Per quanto Aristotele avesse tentato di salvare la capra se non i cavoli dalla condanna del suo Maestro proponendo una qualche forma di compromesso (temeva infatti la chiusura dei teatri e la criminalizzazione degli attori in un tempo quando la presenza agli spettacoli teatrali canonizzati era considerata una virtù civica), in epoca romana il teatro era a mala pena sopportato dall’establishment che vi vedeva una pericolosa fonte di dissenso da un lato e di rilassatezza morale dall’altro (ma per favore non chiedete all’Altropologo perché gli spettacoli gladiatorii sì e Sofocle nì). Ancora nel Primo Secolo Cicerone aveva da dire senza mezzi termini che «gli spettacoli drammatici ed il teatro sono immorali». La professione di impresario e di attore era dunque appannaggio di stranieri e liberti i quali trasmettevano il mestiere alla progenie (fatto che durerà fino ai giorni nostri) che operavano ai margini della società dominante e spesso in prossimità di bordelli ed altri luoghi malfamati. Da qui a considerare tutte le attrici donne alla pari di prostitute il passo è – si può comprendere – molto corto.

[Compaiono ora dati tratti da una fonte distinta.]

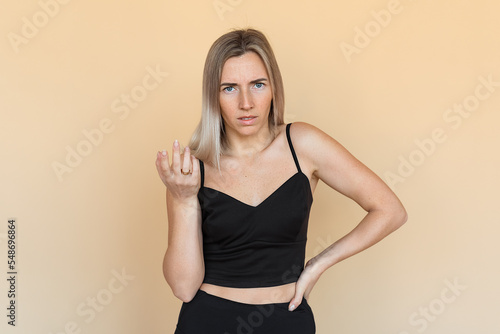 Serious young woman with freckles gestures hand, looking frowning and thoughtful, stands over beige background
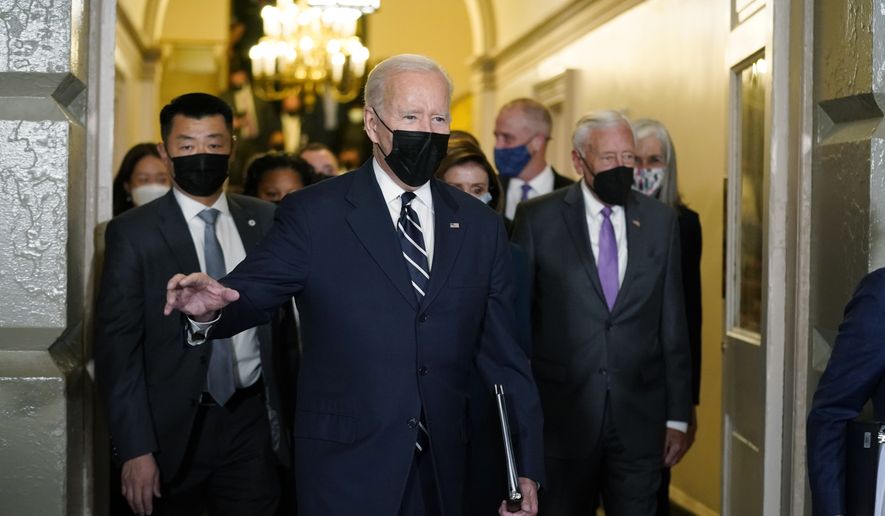 President Joe Biden walks in a basement hallway of the Capitol to meet with House Democrats, on Capitol Hill Washington, Thursday, Oct. 28th, 2021. (AP Photo/Andrew Harnik)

Come già accennato, il Cristianesimo picchiò forte contro teatro ed attori. La formidabile troika Tertulliano-Crisostomo-Agostino reiterò in sostanza le posizioni di Platone. Agostino era preoccupato specialmente per l’insulsa idolatria del pubblico nei confronti di personaggi ed attori (che peraltro non sembra del tutto fuori luogo a chi abbia guardato cum granu salis anche solo una puntata del Grande Fratello). Il legato platonico sarà sempre duro a morire. Nelle sue Riflessioni giustificava la sua ostilità a tutte le forme di mimesis scrivendo: «Quando copiamo altri, noi abbandoniamo tutto ciò che è autentico a noi stessi a favore di ciò che potrebbe non essere affatto parte di noi» – una forma di inutile e pericoloso gioco di prestigio morale al quale sarebbe stato poi contrario anche Rousseau che vedeva nella predilezione per le falsità del teatro la causa della caduta dell’umanità dallo stato di natura alla corruzione contemporanea. Nel 1660, con la Restaurazione di Charles II, il bando dei teatri venne abolito e Londra si avviò ad essere quella capitale del Teatro europeo che – banditi stavolta Brexit e Covid? – le auguriamo tutti di tornare ad essere.